| TASK STATEMENT |
Return the stretch from the line with "10 Great Dates - Connecting Faith, Love & Marriage 10" through the line with "喝孢子粉可以延迟绝经吗(喝孢子粉能推迟绝经吗？探讨其效果)" in the data below, character for character, skipping all pictures.

| PROVIDED DATA |

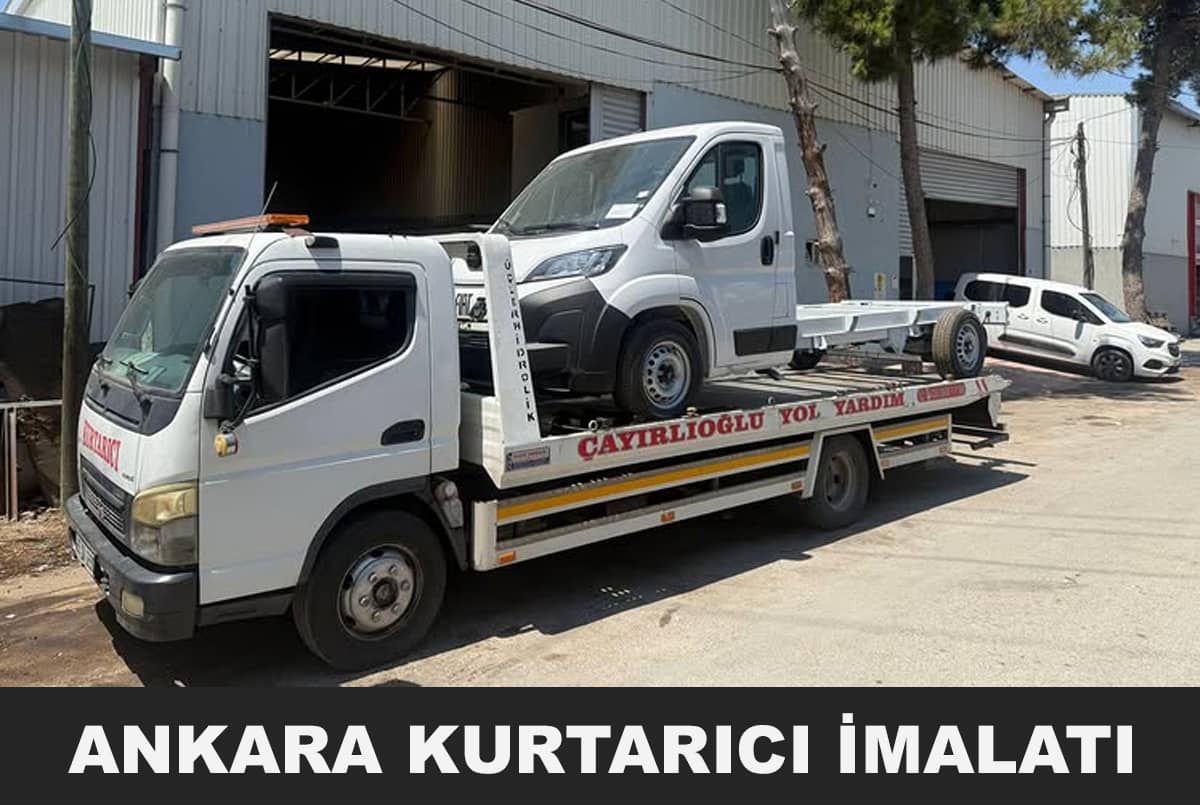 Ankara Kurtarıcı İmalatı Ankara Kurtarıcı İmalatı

---

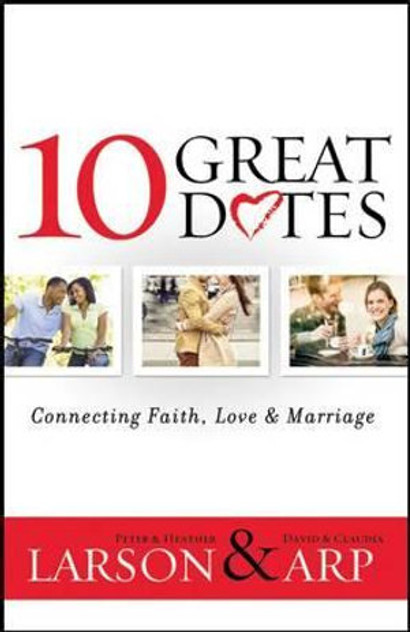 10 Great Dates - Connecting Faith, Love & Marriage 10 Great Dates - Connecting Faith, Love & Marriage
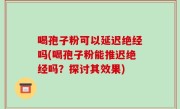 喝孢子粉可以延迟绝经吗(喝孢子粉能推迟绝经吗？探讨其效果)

| EXERCISE OUTPUT |
 10 Great Dates - Connecting Faith, Love & Marriage 10 Great Dates - Connecting Faith, Love & Marriage
 喝孢子粉可以延迟绝经吗(喝孢子粉能推迟绝经吗？探讨其效果)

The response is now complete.